Blood feuds are a societal phenomenon that essentially amounts to a government facilitated, codified system of assassination.

The basic system works like this:

  1. Somebody kills your (usually male) relative, or someone your family was honor-bound to protect.
  2. You (assuming you are male) become honor-bound to find this man and kill him.
  3. You kill him.
  4. One of that man's relatives becomes honor-bound to find and kill you. This continues until the families die out.

Depending on the exact society the blood feud is found in, there may be assorted fees that must be paid to the government, blood money.

For example, in Ismail Kadare's novel Broken April, set in the plateaus of rural Albania, the main character, Gjorg, must travel to the castle of the prince to pay the "blood tax" for killing his mark.

Blood feud systems provide an official code for the purpose of taking revenge.

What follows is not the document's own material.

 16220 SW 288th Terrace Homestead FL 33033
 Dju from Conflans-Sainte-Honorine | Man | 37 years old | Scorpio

Industrialized nations tend to replace this system with a legal system to provide "justice," whereby the government works out methods of revenge-taking for citizens who prove their case.

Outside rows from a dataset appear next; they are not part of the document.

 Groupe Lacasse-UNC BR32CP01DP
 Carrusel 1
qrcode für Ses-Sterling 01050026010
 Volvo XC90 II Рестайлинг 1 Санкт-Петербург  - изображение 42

In law professor William Ian Miller's book Bloodtaking and Peacemaking, the blood feud system of medieval Iceland is examined in a legalistic way. Although most of us would prefer to think that a blood feud society is a result of a simplistic, perhaps near-anarchistic legal code, the notion could hardly be more false. Medieval Iceland had thousands of laws covering all aspects of society, and woven throughout almost every section of the legal code are rules of how the blood feud affects and is affected by that part of life. Icelanders took great pride in their system of laws, and they were the only medieval European nation without a monarchy (which terribly upset the rest of Europe).

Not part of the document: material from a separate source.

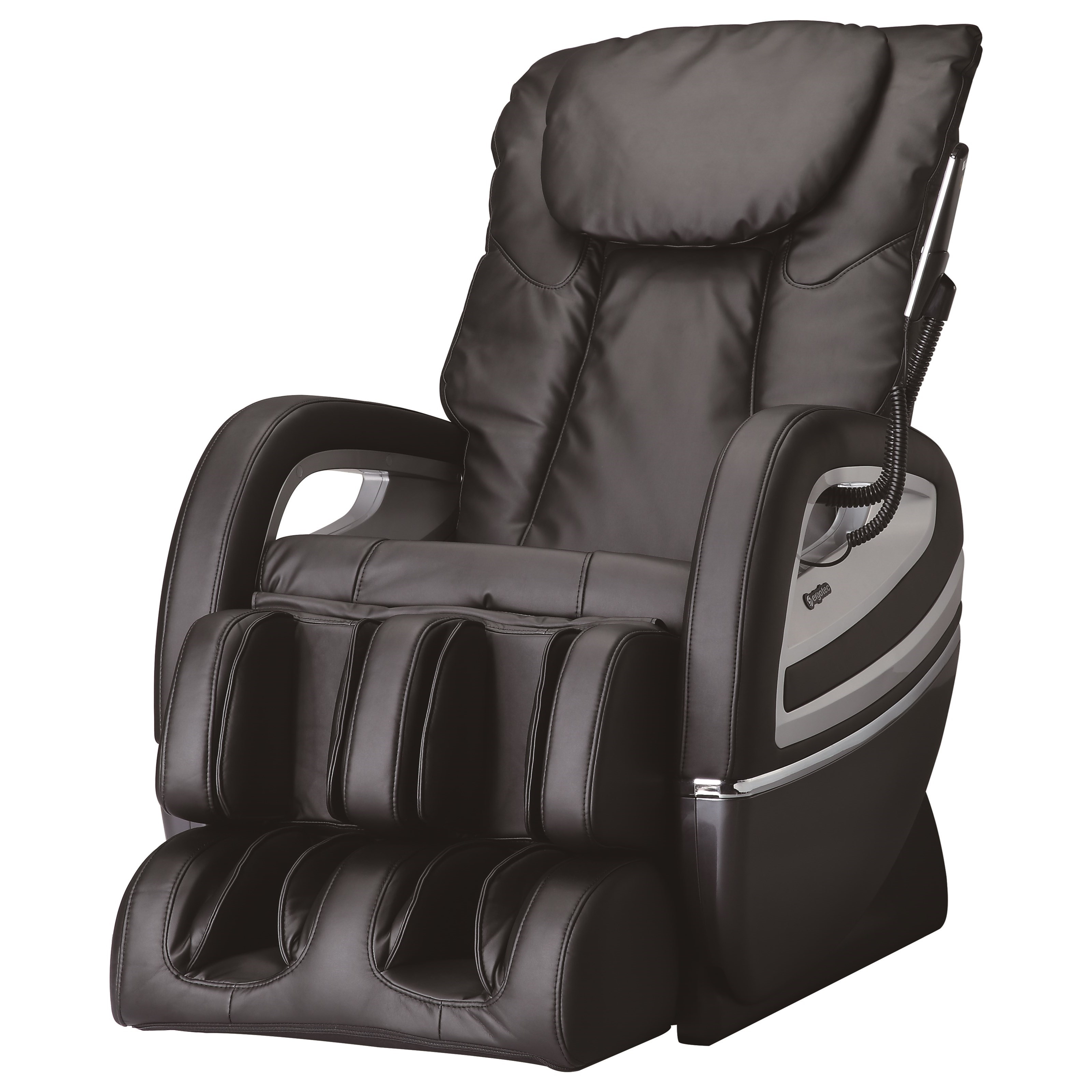 Chair Massagers Site Title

Here then, are professor Miller's observations on Icelandic blood feud:

  1. Feud is a relationship (hostile) between two groups.
  2. Unlike ad hoc revenge killing that can be an individual matter; feuding involves groups that can be recruited by any number of principles, among which kinship, vicinage, household or clientage are most usual.
  3. Unlike war, feud does not involve relatively large mobilizations, but only occasional musterings for limited purposes. Violence is controlled; casualties rarely reach double digits in any single encounter.
  4. Feud involves collective liability. The target need not be the actual wrongdoer, nor, for that matter need the vengeance-taker be the person most wronged.
  5. A notion of exchange governs the process, a kind of my-turn/your-turn rhythm, with offensive and defensive positions alternating after each confrontation.
  6. As a corollary to the preceding item, people keep score.
  7. People who feud tend to believe that honor and affronts to it are the prime motivators of hostilities. Cross-culturally, there appears to be a correlation between the existence of feud and culture of honor.
  8. Feud is governed by norms that limit the class of possible expiators and the appropriatenesses of responses. For instance, most feuding cultures recognize a rough rule of equivalence in riposte, the lex talionis being but one example.
  9. There are culturally acceptable means for making temporary or permanent settlements of hostility.